Counselling focused on recognising what went well with the dinner with my husband and what might have gone better.

It’s important to recognise where I managed to get things right: saying that I will share more with my husband when he is ready to ask about it was a good statement of boundaries. I felt immediately better and don’t have the desire to volunteer information that might be difficult for either of us.

Richard (my counsellor) asked a couple of insightful questions. The first was about balance: would I have changed it if not been through so much?

What did he mean by that?

Years ago, I’d been a naïve young thing, feeling, emotional, but unable to control my feelings. In short, I was unfiltered – but it wasn’t a problem that affected my life in any appreciable way. I had no concept of mental illness, and my world was populated by black and white concepts.

My husband grew up in a complicated world that stole his innocence before he was even old enough to know what the word meant.

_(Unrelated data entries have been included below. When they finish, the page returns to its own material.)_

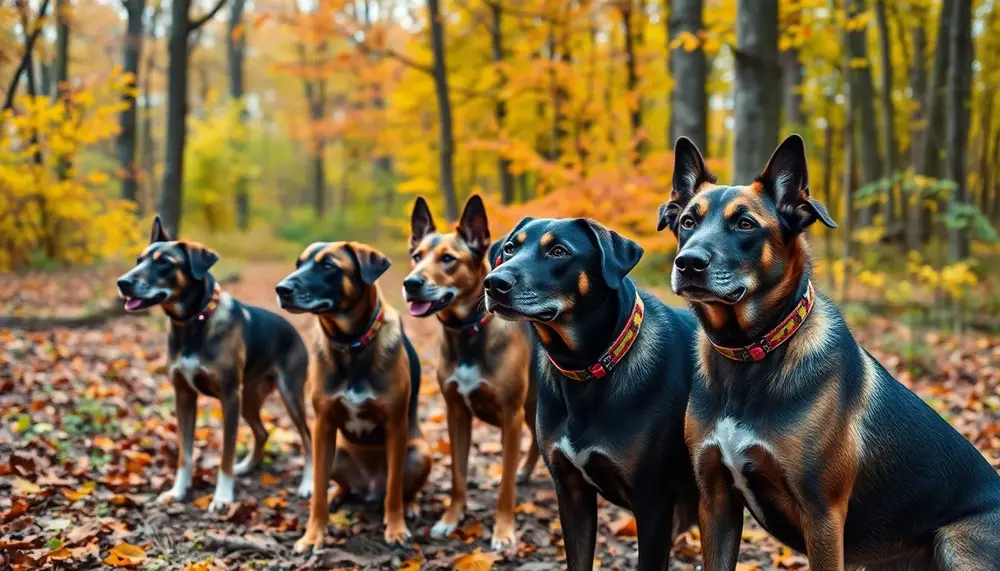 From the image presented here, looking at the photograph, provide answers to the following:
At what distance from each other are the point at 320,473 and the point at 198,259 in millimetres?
1841

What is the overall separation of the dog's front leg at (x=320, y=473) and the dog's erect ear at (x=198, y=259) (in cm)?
137

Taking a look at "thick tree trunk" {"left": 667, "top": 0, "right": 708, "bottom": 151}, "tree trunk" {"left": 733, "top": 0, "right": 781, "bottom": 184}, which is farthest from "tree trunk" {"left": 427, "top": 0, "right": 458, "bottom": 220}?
"tree trunk" {"left": 733, "top": 0, "right": 781, "bottom": 184}

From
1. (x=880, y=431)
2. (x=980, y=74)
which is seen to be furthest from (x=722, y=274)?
(x=980, y=74)

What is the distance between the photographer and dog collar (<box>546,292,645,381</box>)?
11.3ft

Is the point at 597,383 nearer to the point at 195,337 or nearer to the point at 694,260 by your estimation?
the point at 694,260

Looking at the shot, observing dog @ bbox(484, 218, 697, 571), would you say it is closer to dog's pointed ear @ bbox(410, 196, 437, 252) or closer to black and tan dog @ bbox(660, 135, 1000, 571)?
black and tan dog @ bbox(660, 135, 1000, 571)

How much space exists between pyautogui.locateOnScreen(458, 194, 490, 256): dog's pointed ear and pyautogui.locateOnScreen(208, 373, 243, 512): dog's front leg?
204cm

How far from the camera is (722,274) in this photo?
2.80 meters

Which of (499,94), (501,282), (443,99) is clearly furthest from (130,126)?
(501,282)

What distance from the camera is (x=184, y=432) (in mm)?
5406

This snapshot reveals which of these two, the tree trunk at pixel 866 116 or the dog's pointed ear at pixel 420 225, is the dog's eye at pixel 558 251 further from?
the tree trunk at pixel 866 116

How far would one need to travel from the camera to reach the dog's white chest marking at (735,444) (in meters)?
2.83

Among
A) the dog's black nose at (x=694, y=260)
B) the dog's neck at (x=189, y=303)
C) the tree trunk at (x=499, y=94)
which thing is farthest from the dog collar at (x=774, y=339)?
the tree trunk at (x=499, y=94)

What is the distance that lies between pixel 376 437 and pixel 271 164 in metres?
40.9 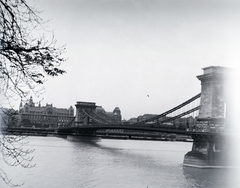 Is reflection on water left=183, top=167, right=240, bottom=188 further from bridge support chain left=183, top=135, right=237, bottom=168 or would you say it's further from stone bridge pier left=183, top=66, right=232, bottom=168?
stone bridge pier left=183, top=66, right=232, bottom=168

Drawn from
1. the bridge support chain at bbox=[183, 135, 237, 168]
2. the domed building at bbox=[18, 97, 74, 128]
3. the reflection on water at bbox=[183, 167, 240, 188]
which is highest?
the domed building at bbox=[18, 97, 74, 128]

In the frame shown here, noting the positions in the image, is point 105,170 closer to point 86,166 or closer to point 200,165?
point 86,166

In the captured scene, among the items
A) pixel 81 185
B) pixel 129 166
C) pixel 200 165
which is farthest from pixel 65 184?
pixel 200 165

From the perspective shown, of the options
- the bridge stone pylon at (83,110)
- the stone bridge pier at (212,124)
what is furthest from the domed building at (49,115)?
the stone bridge pier at (212,124)

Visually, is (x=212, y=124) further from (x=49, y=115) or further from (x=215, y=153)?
(x=49, y=115)

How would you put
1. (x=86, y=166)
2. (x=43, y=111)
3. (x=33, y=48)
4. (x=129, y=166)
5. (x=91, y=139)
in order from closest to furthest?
1. (x=33, y=48)
2. (x=86, y=166)
3. (x=129, y=166)
4. (x=91, y=139)
5. (x=43, y=111)

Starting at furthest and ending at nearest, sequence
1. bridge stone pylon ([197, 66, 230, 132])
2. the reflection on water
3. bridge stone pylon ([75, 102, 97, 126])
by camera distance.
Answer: bridge stone pylon ([75, 102, 97, 126])
bridge stone pylon ([197, 66, 230, 132])
the reflection on water

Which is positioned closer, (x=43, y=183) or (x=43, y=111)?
(x=43, y=183)

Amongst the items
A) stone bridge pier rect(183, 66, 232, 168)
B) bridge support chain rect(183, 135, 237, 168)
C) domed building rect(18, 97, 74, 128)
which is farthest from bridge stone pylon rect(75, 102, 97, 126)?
bridge support chain rect(183, 135, 237, 168) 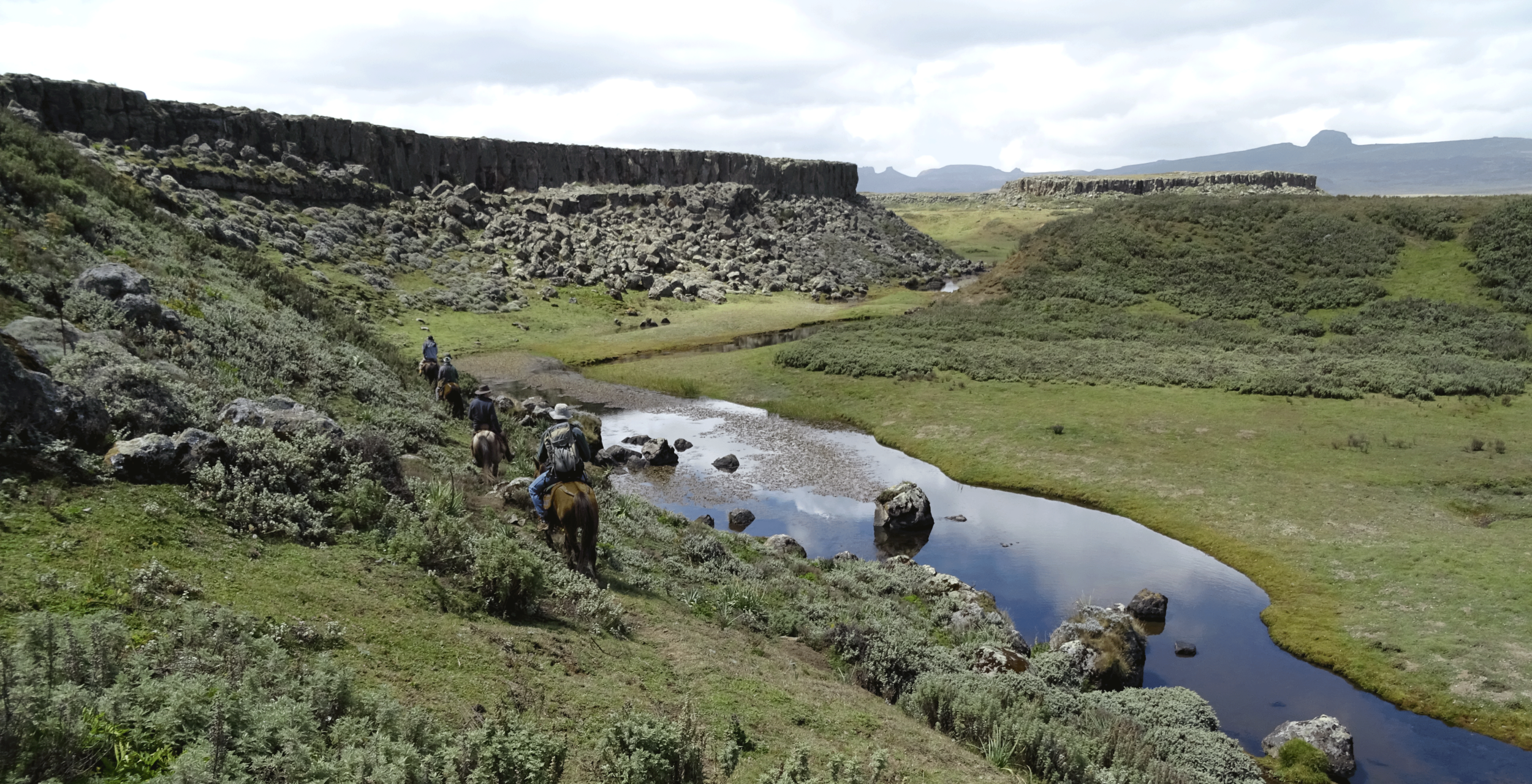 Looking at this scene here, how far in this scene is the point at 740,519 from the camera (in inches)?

As a result, he suffered from mental illness, and all the rejection and difficulties that accompany that. I was often the only person with whom he could share his feelings, which were often volatile, uncontrolled, and sometimes damned-right abusive towards the people who were in his life.

I was the closest person – well within the blast radius of the fallout from his trauma. I feel that I might learn to live with the lingering emotional radiation, but I will never really be cured. I now carry my own emotional burns and am deeply changed by them.

I miss the old unfiltered, naïve, innocent me.

I didn’t grow, I was contorted.

Richard suggested that when my husband next goes into his place of looping through old issues in our relationship, that I ask him what outcome he would like from the conversation. I know my husband will say “that’s very controlling” or “that’s a very unemotional way of putting it”, but returning to what Richard said last time “so what?”

Challenging my husband is scary. Refusing to engage is scary. There was always the risk of payback in the form of anger – or a serious meltdown from him.

He stresses that I need to protect my own mental and physical health. I have been through enough of his second-hand trauma and my own first-hand trauma. I am not as physically robust as I used to be. I have been battered like a ship in a storm lasting a quarter of a century without a port.

My friend Patricius says that its “SEP” (somebody else’s problem): I need and must stay out of the way so that those whose job it is to look after him must do just that.